Test de Build or Skip : trouver les produits qui génèrent déjà de l'argent
Dès que vous arrivez sur Build or Skip, à l'adresse buildorskip.dev, le discours vous saute aux yeux avant même que vous ayez le temps de faire défiler la page : cessez de deviner quoi construire et partez de là où l'argent circule déjà. Le site se présente comme un outil de recherche d'opportunités produit destiné aux développeurs indépendants, aux petites équipes de startup et aux propriétaires de sites qui préfèrent valider la demande par des preuves plutôt que de passer trois mois à construire quelque chose que personne ne paiera. Sous ce titre accrocheur se trouve un tableau de bord dynamique rempli de chiffres — signaux de paiement, âge des domaines, scores de domain rating et dynamique mensuelle — que j'ai parcouru en détail pour comprendre exactement ce qui est mesuré et ce qui est simplement déduit.

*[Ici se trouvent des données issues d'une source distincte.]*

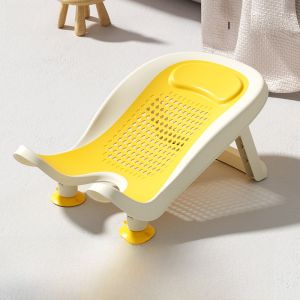 Baby Butt Wash Stand Bathing Infant Boys Girls PP Bath Bucket Washing Support Bracket Special Children Cleaning Tool Bath Net
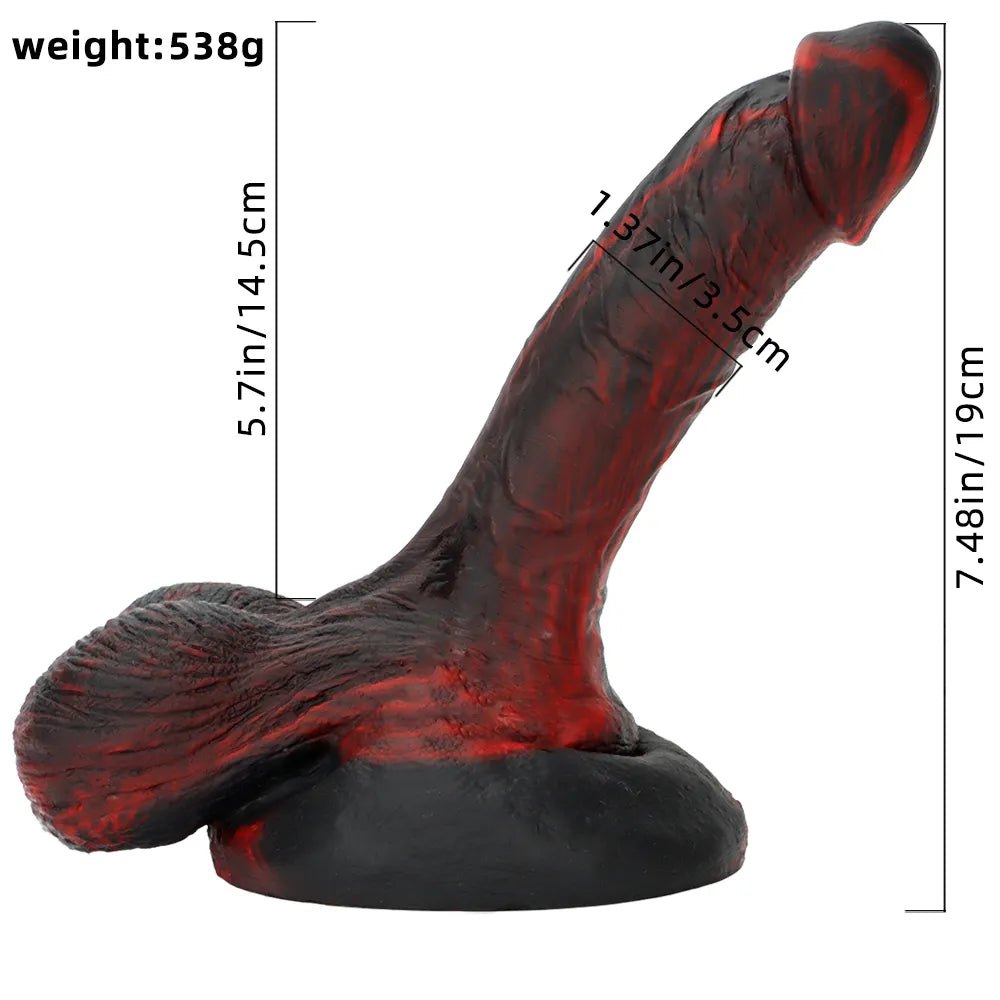 #3 silicone suction cup dildo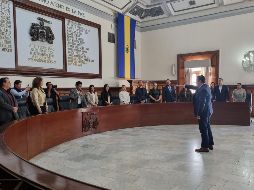 Su nombramiento fue aprobado de manera unánime por 17 regidores del Pleno, el cual será por tiempo indefinido, señaló el alcalde interino de Guadalajara, Francisco Ramírez Salcido. EL INFORMADOR / J. Díaz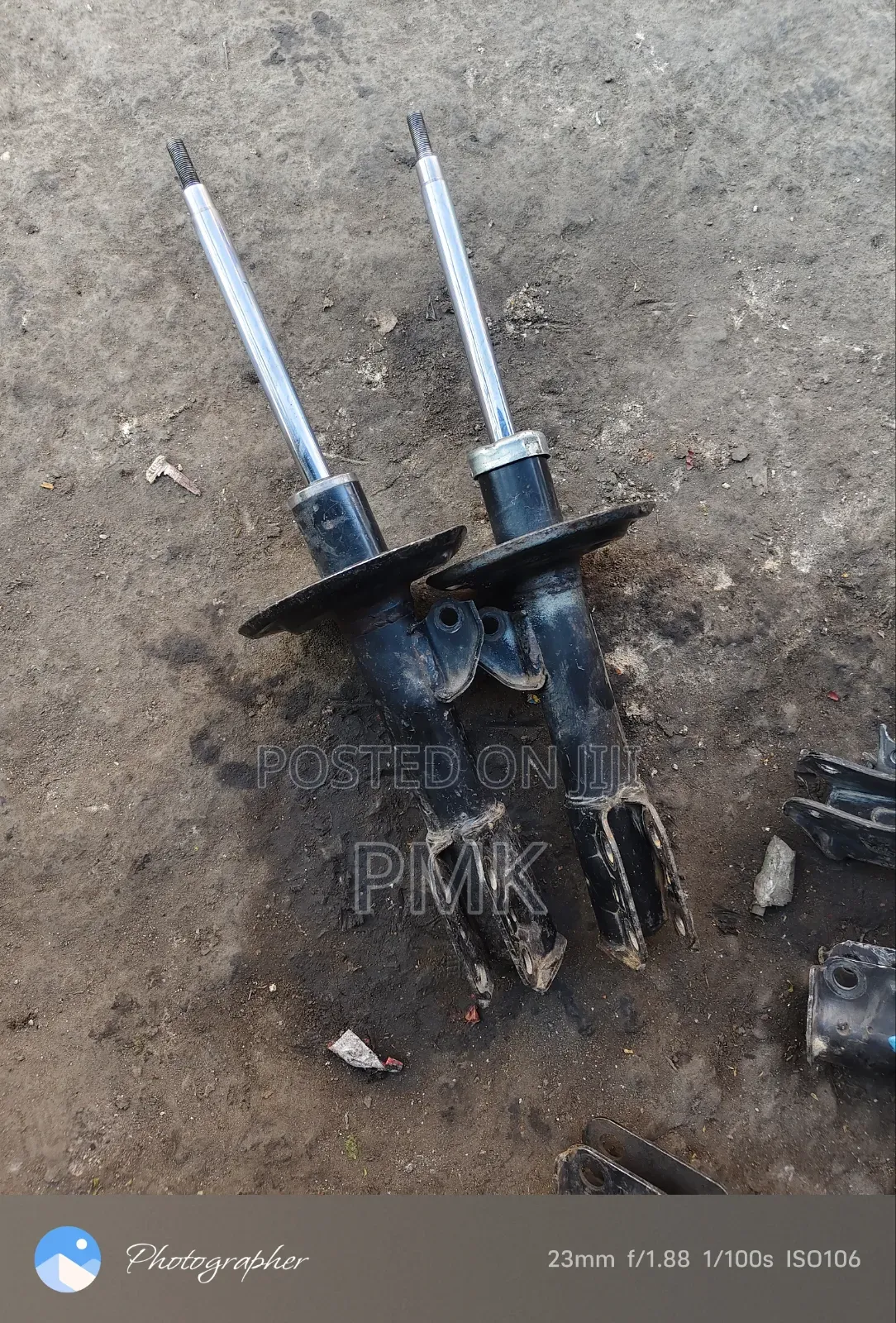 Toyota Spade New Model Front Shock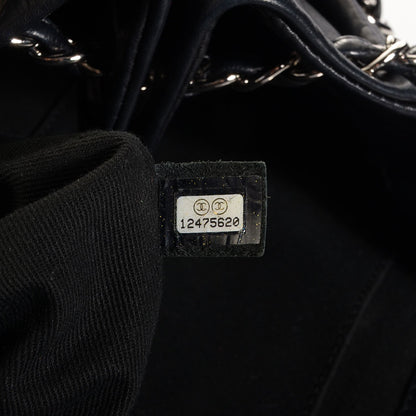 Chanel Lambskin Sensual Hobo Black 7 of 7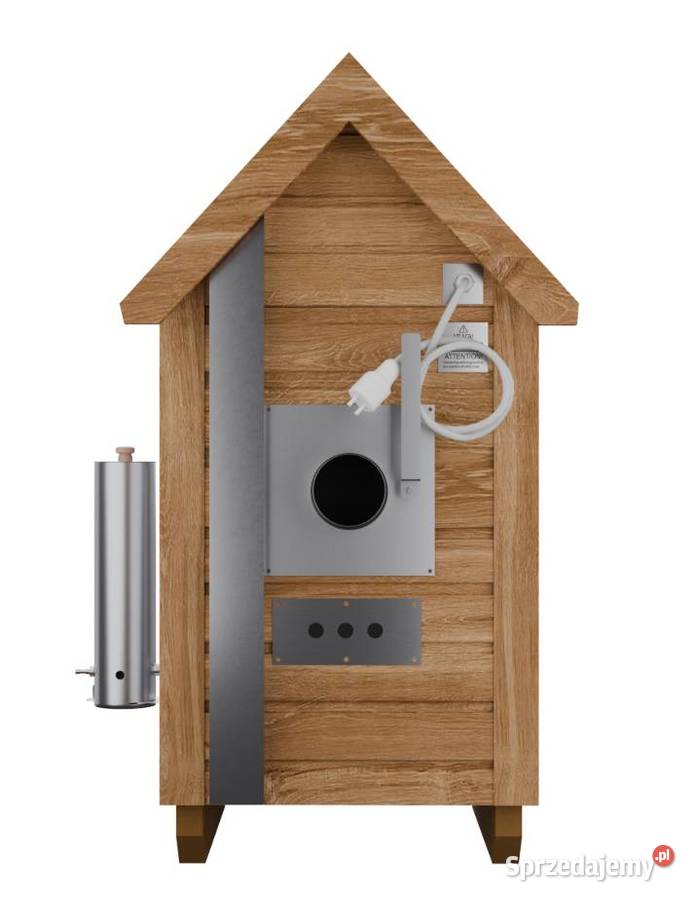 2w1 MINI 10 do wędzenia na gorąco i na zimno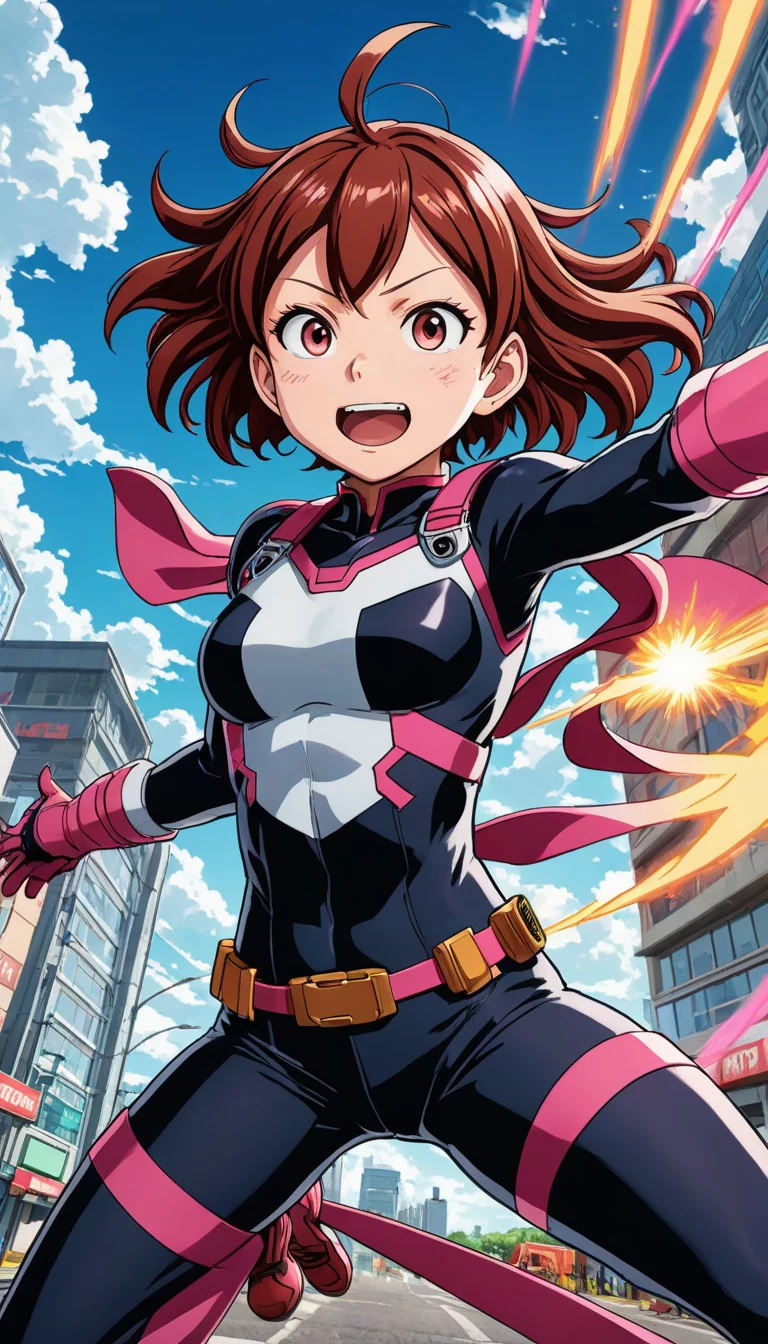 Chat with AI character: Ochaco Uraraka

Ce que fait réellement Build or Skip
Build or Skip est une couche de recherche, et non une base de données de produits aux données financières vérifiées. L'entreprise est claire là-dessus : ce qu'elle appelle des signaux de paiement correspond à des estimations de trafic, et non à des commandes, des revenus ou des nombres de clients vérifiés ; quant aux classements de revenus, ils reposent sur un reporting par mois calendaire plutôt que sur des données de paiement en temps réel. Ce que fait la plateforme, c'est rassembler plusieurs jeux de données distincts : des domaines récemment enregistrés qui affichent une activité de paiement, des classements de revenus par produit que vous pouvez filtrer par catégorie, canal de paiement, domain rating et date d'enregistrement, des totaux publics de pourboires Buy Me a Coffee accompagnés de tendances de montants sur six mois, et deux bibliothèques de backlinks sélectionnées. Sur la page d'accueil, les compteurs affichent environ 130 000 sites générateurs de revenus suivis, plus de 6 000 sites d'outils AI, plus de 300 sites Buy Me a Coffee et plus de 200 entrées dans chacune des bibliothèques de backlinks (commentaires et outils AI), le tout mis à jour en continu.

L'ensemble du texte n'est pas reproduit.